The organization members appear to be divided between those who seek to save the world – and those who view the cycle of birth and death, indeed of time itself, as inherently evil.

These “anti-reality activists,” if you will, have hatched some sort of doomsday plot. By combining the power of Winden’s soon-to-be-decommissioned nuclear power plant with the time portal, the anti-reality figures seek to trigger a universe-destroying event involving the God Particle – an apocalypse that will occur on June 27, 2020.

Needless to say, this brief introduction only scratches the surface. The plot is incredibly complex, involving older and younger versions of the various characters and multiple storylines in different time periods. It is also brimming with bizarre quasi-Hermetic reflections on the nature of time and eternity and the interconnectedness of all things.

For people who like to contemplate such thorny issues as free will versus fate, the series is like a philosophy class on steroids – or rather, with popcorn. Nietzsche, and his theory of the Eternal Recurrence, looms in the background.

Dark' Creators Head Back to Netflix with '1899' | Decider

Dark creators Jantje Friese and Baran bo Odar are as intensely philosophical as you might imagine.

“Dark” is the brain child of the German screenwriter Jantje Friese, who wrote every episode, and her partner and director Baran bo Odar, who met while both were students at the Hochschule für Fernsehen und Film in Munich.

In an interview, Friese herself admits that her story became so complex she had to resort to a database program to keep all of the characters and time periods straight. She also reveals that the philosophical paradoxes and puzzles are no accident but stem from her own compulsive reading about the nature of time and how the “irrevocable past” shapes the present and the future.

For its many fans all over the world, “Dark” is a marvelous distraction from the unsettling era many of us are living in, an era of global pandemics, burning cities, political anarchy, widespread media censorship, election meddling by tech elites, and more.

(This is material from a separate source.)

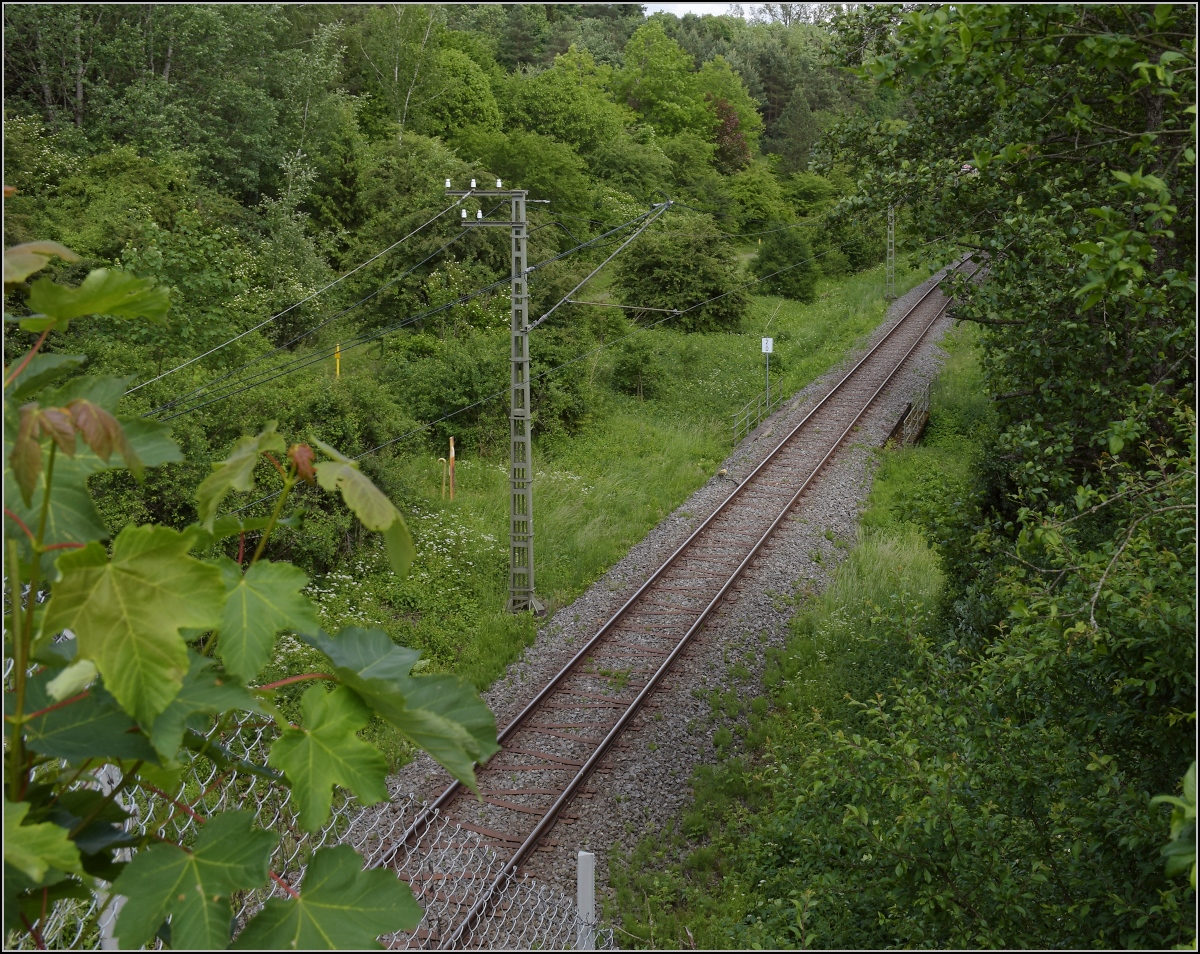 Mastenunikat bei der Trossinger Eisenbahn. Hier war offenbar die Telegrafenleitung am Strommast befestigt. Das sieht man an älteren Bildern, aber an diesem hier sind die Isolatoren bis heute übriggeblieben. Trossingen, Juni 2022.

Yet “Dark” is also one of those rare entries in popular culture:  a TV series that is both philosophically challenging but also eminently watchable.

It’s a treat that is well worth the very considerable effort, available in both dubbed English and German versions with subtitles. I strongly recommend the original German and starting with season 1.

“Dark” is wildly popular with both critics and ordinary viewers alike, rated 93% fresh by Rotten Tomatoes and receiving a 95% favorable rating by viewers. The critical consensus is that the show is “both tense and terrifying, culminating in a creepy, cinematic triumph of sci-fi noir.”